Seattle startup Pulumi is formally launching its technology for programming the underlying infrastructure of the cloud, looking to land new corporate customers in the increasingly competitive field of technology providers aiming to help companies operate more seamlessly across multiple cloud platforms.

The 25-person company, started by former Microsoft engineering leaders Joe Duffy and Eric Rudder, is backed by $20 million from Madrona Venture Group and Tola Capital. Customers include large companies such as Mercedes Benz, Tableau Software (now owned by Salesforce), and Latin American e-commerce company Linio, in addition to startups and early stage ventures.

Pulumi 1.0, released Thursday morning, is the company’s flagship product in the area commonly known as “infrastructure as code.” It lets customers apply modern software development practices to what has traditionally been a cumbersome or manual process of provisioning, configuring and updating the underlying hardware and software for running applications.

Pulumi works across platforms and technologies including Amazon Web Services, Microsoft Azure, Google Cloud, Kubernetes and others.

The startup is far from alone in pursing this market. One of its biggest competitors is San Francisco-based HashiCorp (co-founded by University of Washington alum Armon Dadgar) a rising cloud powerhouse whose products include the Terraform infrastructure as code software tool. Other competitors and alternatives include technologies from AWS, Azure, Google Cloud, Ansible, Chef and Puppet. Pulumi can also be used in conjunction with some of those existing tools and technologies, depending on the scenario.

To stand out in this field, Pulumi is betting in part on the appeal and advantages of familiar software languages. Its technology lets developers use general purpose languages including JavaScript, TypeScript, Python and Go, rather than learning specialized and single-purpose languages, as can be the case with alternatives.

“This approach helps developers and operators work better together,” explained Duffy, Pulumi’s CEO, saying the company often hears from engineers who don’t want to learn a new domain specific language, such as YAML for Kubernetes, or HashiCorp’s configuration language. “Using tried and true languages has broken down barriers to collaboration between these disciplines.”

Rudder, the company’s executive chairman, is a former Microsoft executive vice president whose experience includes running the Redmond company’s Server & Tools Division. In a recent interview along with Duffy at Pulumi’s downtown Seattle headquarters, Rudder said the company is already developing its second major product, in a sign of its larger ambitions.

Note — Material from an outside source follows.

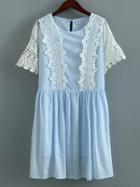 Shein Blue Crochet Key-hole Back Pleated Dress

“We’re a little bit like a rock band whose name is Pulumi, whose first album is Pulumi, whose first song on the first album is Pulumi, but our vision is much bigger than that,” Rudder said. “Our vision really is to span everything in the dev-DevOps pipeline, and this is just our first entry.”

Pulumi is based on an open-source project of the same name, with a community edition that is free for individual use, and a Software as a Service pricing model for teams and larger companies.